Apr 89 Letters
Volume Number: 5
Issue Number: 4
Column Tag: Letters
Letters
By David E. Smith, Editor & Publisher, MacTutor
Aztec C
Rich Heady
San Diego, CA
Aztec C is all I was told it would be, and I’m already pleased with the results. It
is particularly gratifying to have access to “intermediate code” again after being
locked inside Lightspeed C’s projects for the past 18 months, and more gratifying still
to find the assembly code already optimized to the point where I may not need to go
through cleaning up the little stupidities. There is nothing wrong with Lightspeed C; in
fact, it remains a superior prototyping environment. But at the point where I began to
look beyond the prototype to a shippable product, it was a relief to find Aztec C ready to
finish the job. Aztec C might carve a bigger niche in the Macintosh world by appealing
to the “1 Meg programmer” who wants to produce polished code without larding on
RAM and without wading into the complexity of MPW.
Typos upon Typos
Ajay Nath
Oakland Gardens, NY
I’ve been writing a driver for my plotter, and I’ve been looking at the code you
presented in MacTutor, Volume 3, Number 11 and 12. I’ve caught some errors in the
code you presented on page 57 (#12). The code in the procedure DrvrStorage():
;1
asm {
MOVEQ #8, D0
MOVE.L UTableBase, A0
ADDA DO, A0
MOVE.L (A0), OutDctlEntry
}
I wrote to you about this error before, but you printed my correction
incorrectly! (You did print my explanation of why the author’s code was wrong
correctly.) [Sorry, we will double our efforts. -ed]

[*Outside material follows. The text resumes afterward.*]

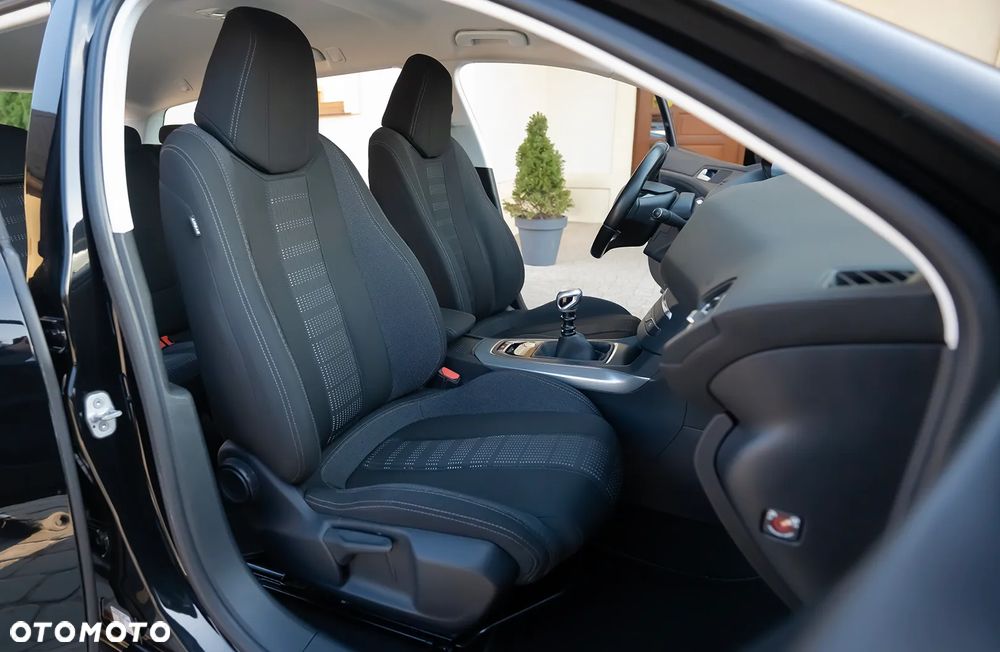 Peugeot 308 PureTech 130 Stop & Start Allure - 26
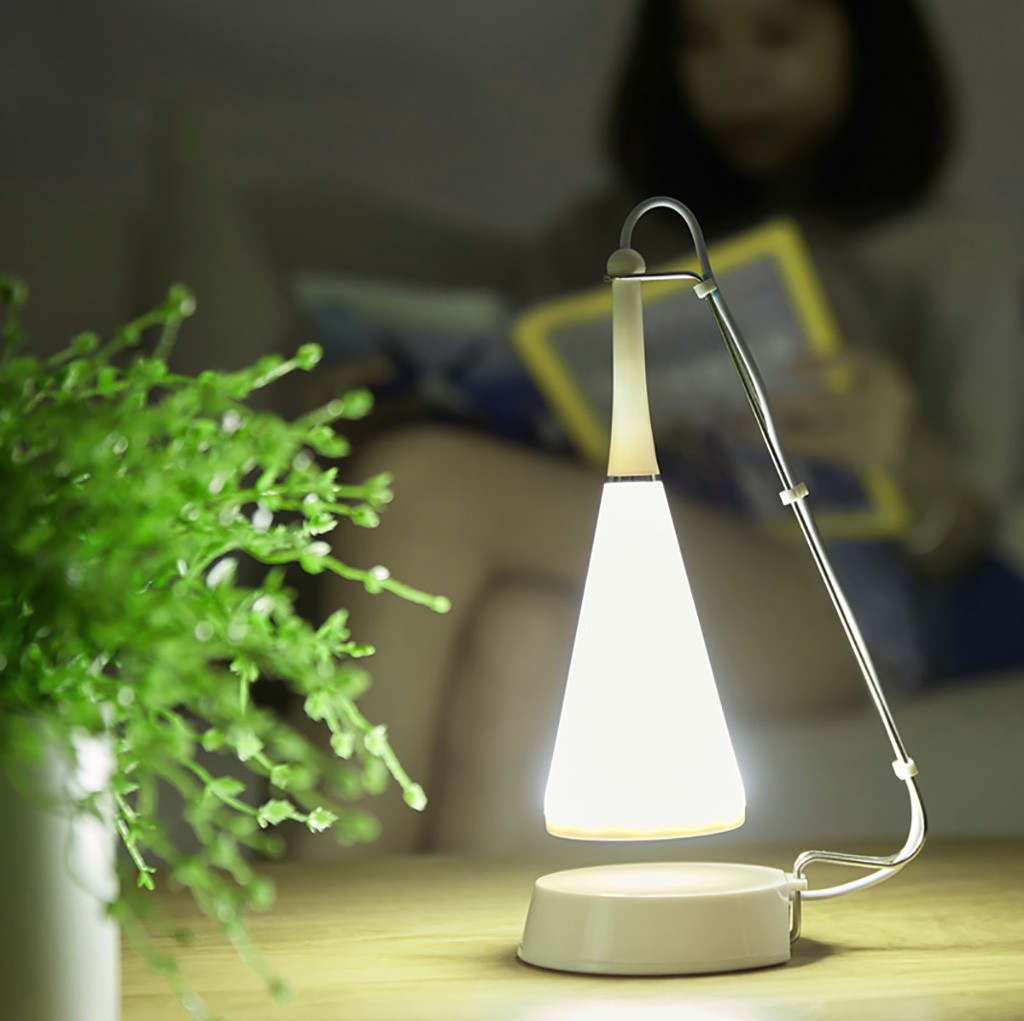 Led Desk Lamp Luminaria Multifunction Led Table Lamp 5W Touch Table Lamp Support TF Card Z610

On page 59 in the procedure MyPrDlgMain() at the end of this proc a pointer is
freed and then accessed as follows:
/* 2 */
free(+p); /*ptr is being freed by a subroutine */
if (tp->fDolt) (void) MyPrValidate(hPrint);
/*we accessed the ptr we freed */
return (tp->fDolt); /* you did it again! */
if (tp->fDolt) is true the subroutine “MyPrValidate” will be called, and it calls traps
like GetResource and LoadResource which will move memory so that doing a subsequent
“return(tp->fDolt)” may be pointing to garbage.
One way to fix this is to do the following:
/* 3 */
{ Boolean theResult;
/* a local variable to hold function result */
theResult = tp->fDolt; /*save the value of fDolt */
free (tp);
if (theResult) (void) MyPrValidate(hPrint);
return (theResult);
}
on page 58 in the procedure “MyPrintDefault(hPrint)” one of the lines:
**hPrint = **theDefault;
the same line appears on page 59 near the end of the procedure MyPrValidate(hPrint)
What the author is trying to do is to fill in the fields of the data structure that
hPrint points to, what he actually does is mess up the hPrint handle. What he should
do is something like this:
/* 4 */
BlockMove(*theDefault, *hPrint, sizeof(TPrint));
and probably:
/* 5 */
ReleaseResource(theDefault);
/* unload resource now that we’re done */
It is a good article which provides information on how to write printer drivers,
but some of the code is incorrect.
In MacTutor, Vol. 4, #11, the code presented by Donald Koscheka to do a string
comparison uses the “DBRA” instruction incorrectly. When you loop using “DBRA”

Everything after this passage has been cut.